= Fay Presto =

British magician

Fay Presto (born 17 May 1948) is the stage name of Letitia Winter, a British magician and member of The Inner Magic Circle known for her close-up magic.

==Career==
Winter's first job was as a lab assistant at an atomic energy research company, and she tried returning to study and working in sales before developing an interest in performing magic in her late thirties. She joined The Magic Circle, but was asked to leave when she began to transition. When The Magic Circle voted to allow women members in 1991, she was one of the first women to join.

As Presto, Winter specialises in close-up magic, and had held a residency at London's Langan's Brasserie since the start of her magic career. She is known for her "bottle through the table" trick, which was ranked as the 37th greatest magic trick of all time by Channel 4's 50 Greatest Magic Tricks.

Presto was part of the UK touring show Champions of Magic from 2014 to 2017, alongside fellow magicians Edward Hilsum, Alex McAleer and Young & Strange.

She was profiled in the BBC documentary series 40 Minutes in 1994 in the episode "Fay Presto: Illusions of Grandeur" directed by Sally George. In 2017, Presto was the subject of the documentary Fay Presto, the Queen of Close-up.

==Television appearances==

Winter has appeared in a number of documentaries and played herself in cameo roles.

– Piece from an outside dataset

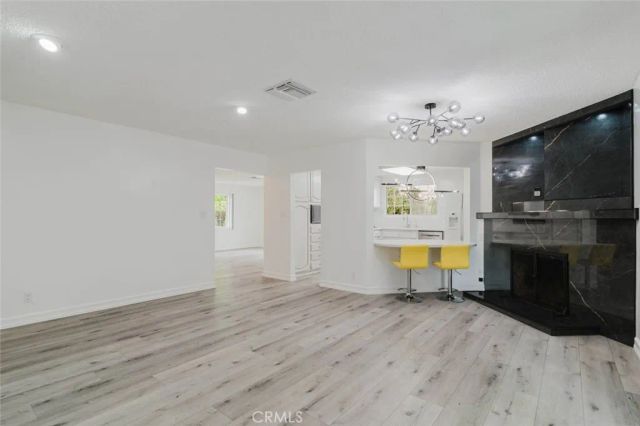 22515 Haynes, West Hills, CA 91307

| Year | Title | Role | Notes |
|---|---|---|---|
| 1994 | Fay Presto: Illusions of Grandeur | Herself |  |
| 1995 | The Car's The Star | Herself | Guest |
| 1995 | Paul Daniels' Secrets | Herself |  |
| 1995 | The Late Late Show | Herself | Guest |
| 2000 | Heroes of Magic | Herself |  |
| 2001 | Emmerdale | Herself | Cameo |
| 2002 | The Daily Show | Herself | Guest |
| 2002 | 50 Greatest Magic Tricks | Herself |  |
| 2006 | The Story of Light Entertainment | Herself |  |
| 2016 | When Magic Goes Horribly Wrong | Herself |  |
| 2017 | Fay Presto, Queen of Close-up | Herself |  |

==Awards and accolades==

In 1998 Winter was voted "Party Entertainer of the Year" by Tatler Magazine.

In 2012 Winter won the title of The Magic Circle Close-up Magician of the Year 2012.

In 2024 awarded the David Berglas Award for "Outstanding Contribution to Magic by a British magician" by The British Magical Society.

==Personal life and charity work==

Winter is a transgender woman, and regularly organises and performs in benefits to support the rights of women, children and the LGBT community. Before her transition, she performed in character as a female magician. She is an ambassador for Action for Children.